> **PROBLEM**:
Every line of the records below from the line with "Aerial View of" up to and including the line with "Canada table flag on gray blurred background" must be reproduced exactly, and no line outside that range.

> **SOURCE MATERIAL**:
★ ★ ★ ★ ★ ★ ★

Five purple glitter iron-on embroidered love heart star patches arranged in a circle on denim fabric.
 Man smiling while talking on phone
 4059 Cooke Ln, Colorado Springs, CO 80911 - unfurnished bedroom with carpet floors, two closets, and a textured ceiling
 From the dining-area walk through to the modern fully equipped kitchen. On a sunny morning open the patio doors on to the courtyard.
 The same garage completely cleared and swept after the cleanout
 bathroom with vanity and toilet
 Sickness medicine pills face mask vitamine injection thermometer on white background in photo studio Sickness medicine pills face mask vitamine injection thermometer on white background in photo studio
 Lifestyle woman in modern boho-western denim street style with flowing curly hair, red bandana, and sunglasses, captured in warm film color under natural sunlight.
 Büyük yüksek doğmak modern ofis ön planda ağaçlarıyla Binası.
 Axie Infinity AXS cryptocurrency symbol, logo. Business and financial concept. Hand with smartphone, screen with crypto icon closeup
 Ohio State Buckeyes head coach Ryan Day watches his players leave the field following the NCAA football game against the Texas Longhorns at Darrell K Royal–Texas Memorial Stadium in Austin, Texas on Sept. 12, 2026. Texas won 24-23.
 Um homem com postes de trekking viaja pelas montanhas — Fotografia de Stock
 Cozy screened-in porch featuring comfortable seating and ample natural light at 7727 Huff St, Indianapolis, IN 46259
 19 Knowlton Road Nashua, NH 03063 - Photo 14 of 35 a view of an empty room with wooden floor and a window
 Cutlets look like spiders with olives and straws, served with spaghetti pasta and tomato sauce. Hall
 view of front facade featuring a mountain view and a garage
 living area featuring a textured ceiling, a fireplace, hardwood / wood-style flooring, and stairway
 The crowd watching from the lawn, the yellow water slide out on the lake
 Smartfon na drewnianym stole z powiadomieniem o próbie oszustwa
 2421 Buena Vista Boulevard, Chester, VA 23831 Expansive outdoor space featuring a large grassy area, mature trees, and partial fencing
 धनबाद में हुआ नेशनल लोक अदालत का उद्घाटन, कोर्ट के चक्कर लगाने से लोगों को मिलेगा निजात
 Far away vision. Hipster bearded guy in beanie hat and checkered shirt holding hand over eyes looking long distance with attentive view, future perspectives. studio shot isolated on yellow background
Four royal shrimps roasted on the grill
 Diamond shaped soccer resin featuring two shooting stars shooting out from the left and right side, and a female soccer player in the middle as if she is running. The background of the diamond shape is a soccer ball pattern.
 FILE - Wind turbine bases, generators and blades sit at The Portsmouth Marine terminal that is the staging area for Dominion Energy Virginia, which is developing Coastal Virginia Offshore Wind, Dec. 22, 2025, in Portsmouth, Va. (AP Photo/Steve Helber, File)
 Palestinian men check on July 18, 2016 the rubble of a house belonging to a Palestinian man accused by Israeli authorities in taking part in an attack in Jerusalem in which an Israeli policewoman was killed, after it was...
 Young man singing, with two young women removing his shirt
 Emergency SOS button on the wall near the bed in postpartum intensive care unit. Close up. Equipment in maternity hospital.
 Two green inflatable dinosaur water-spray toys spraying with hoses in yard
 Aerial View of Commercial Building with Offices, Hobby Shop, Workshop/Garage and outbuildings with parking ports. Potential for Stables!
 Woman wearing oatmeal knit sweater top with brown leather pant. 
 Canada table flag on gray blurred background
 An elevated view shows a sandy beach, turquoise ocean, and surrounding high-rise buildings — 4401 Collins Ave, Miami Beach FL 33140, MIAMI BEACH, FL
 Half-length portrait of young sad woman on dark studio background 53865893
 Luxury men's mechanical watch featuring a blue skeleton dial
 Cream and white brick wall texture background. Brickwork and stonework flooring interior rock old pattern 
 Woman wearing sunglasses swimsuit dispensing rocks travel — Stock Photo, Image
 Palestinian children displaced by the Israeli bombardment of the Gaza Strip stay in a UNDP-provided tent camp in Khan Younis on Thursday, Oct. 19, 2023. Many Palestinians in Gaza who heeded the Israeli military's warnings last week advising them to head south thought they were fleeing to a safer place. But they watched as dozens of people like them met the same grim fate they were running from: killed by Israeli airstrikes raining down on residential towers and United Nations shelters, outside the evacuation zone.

★ ★ ★ ★ ★ ★ ★

> **WRITTEN RESPONSE**:
 Aerial View of Commercial Building with Offices, Hobby Shop, Workshop/Garage and outbuildings with parking ports. Potential for Stables!
 Woman wearing oatmeal knit sweater top with brown leather pant. 
 Canada table flag on gray blurred background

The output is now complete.